The title continues with Universita degli Studi di Salerno. It translates as 'Seminar on Richard Porson at the University of Salerno'. The book is a paperback book with a dust jacket in a stiff paper. The cream dust jacket is slightly bent at the top of the back and has a small mark on the back which appears to be a small blot of pink ink. The tan paper cover is in very good condition. Internally the book is clean, bright and tightly bound. Most of the text is in Italian but there is one chapter in English, all of it has Greek quotations in the Greek alphabet.
In most histories of the discipline Richard Porson (1759-1808) is considered to be one of the major British classical scholars, whose work bridges the gap in classical textual studies between Richard Bentley and the Kantian new philology of Gottfried Hermann of Leipzig. In England too, Porson was a bridge between generations: James Henry Monk, Bentley’s biographer, was Porson’s successor as Regius Greek professor in Cambridge and he published part of the latter’s miscellaneous notes.

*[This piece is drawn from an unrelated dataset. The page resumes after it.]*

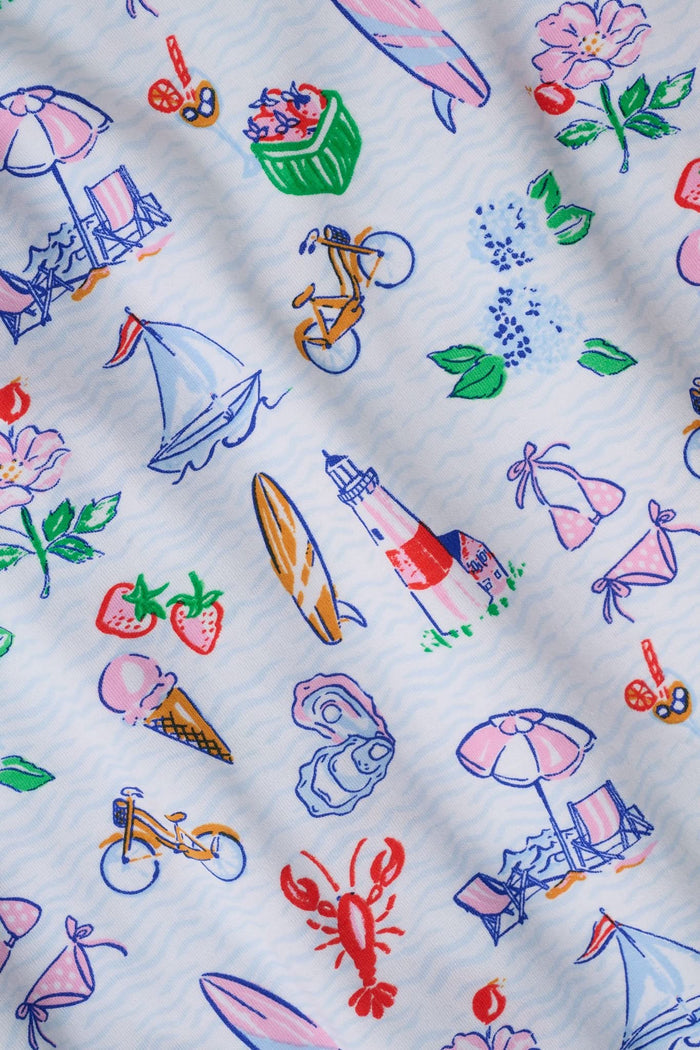 The Roller Rabbit Infant Summer Club Zipper Footie is a white, long-sleeve pajama for infants made from soft Pima cotton, featuring playful summer prints and convenient footed legs with a front zipper for easy dressing.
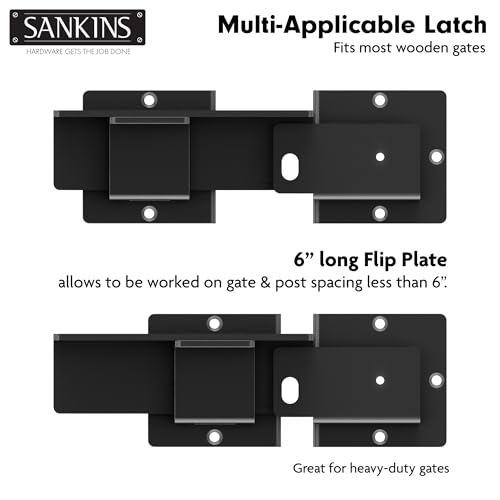 SANKINS 7-1/2\" Flip Gate Latch with Padlock Hole Heavy Duty, 4mm Safety Door Latch for Wooden Fence, Gate, Sliding/Swing Door, Barn Door, Shed, Vinyl Fence, Garage, 2 Pcs, Black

Porson, who evidently wanted to be remembered in the first place as an editor of Euripides (“I am quite satisfied, if, three hundred years hence, it shall be said that one Porson lived towards the close of the eighteenth century, who did a good deal for the text of Euripides”), might be gratified to learn that some of his contributions to textual studies survive into the twenty-first century.
The present book demonstrates that Porson’s stature has been recognized in Italy too. In the wake of the “national edition” of the tragedies of Aeschylus (sponsored by the Accademia Nazionale dei Lincei in Rome), the University of Salerno organized a conference in recognition of the importance of Porson’s 1806 edition of the Greek tragedian’s work. This interest in Porson is part of a larger European project about the history of classical scholarship in the eighteenth and nineteenth centuries, in which Porson and Hermann play a significant role.
Paola Volpe Cacciatore has edited a volume with a number of revised papers from the conference on Porson’s work, mostly by Italian scholars, a fitting tribute from abroad to an editor whose work was, as Cacciatore writes in her brief “premessa”, “il fondamentale trait d’union tra il proprio Maestro, Richard Bentley, e il grande filologo di Lipsia”. Guido Avezzù opens the volume with a general assessment of the man and his work that can function as a general introduction.
In the first essay, Alexander F. Garvie reconsiders Porson’s Law, which he here defines as “that there cannot be word-division between the two longs of a spondee in the so-called fifth foot of iambic trimeter, or at the end of a trochaic tetrameter”. Garvie looks in particular at instances in a number of Greek plays where the law is broken, concluding that we should grant the great Aeschylus the right to break the famous law at least once.
Enrico Medda then looks at Porson’s work on Aeschylus. He is not the first and not the last contributor in the volume to discuss the English classicist’s famous quarrel with Gottfried Hermann, which Medda has discussed elsewhere in greater detail. Here he goes through the discussion , showing e.g. the different kinds of interventions in the text of Agamemnon or the exact timing of some of the emendations in Hecuba, the obscure wording of one of which then led Hermann to the first formulation of what would only later become known as Porson’s Law. He concludes that Porson played a decisive role in the edition of the plays of Aeschylus, with to his credit a number of lasting conjectures on textual details.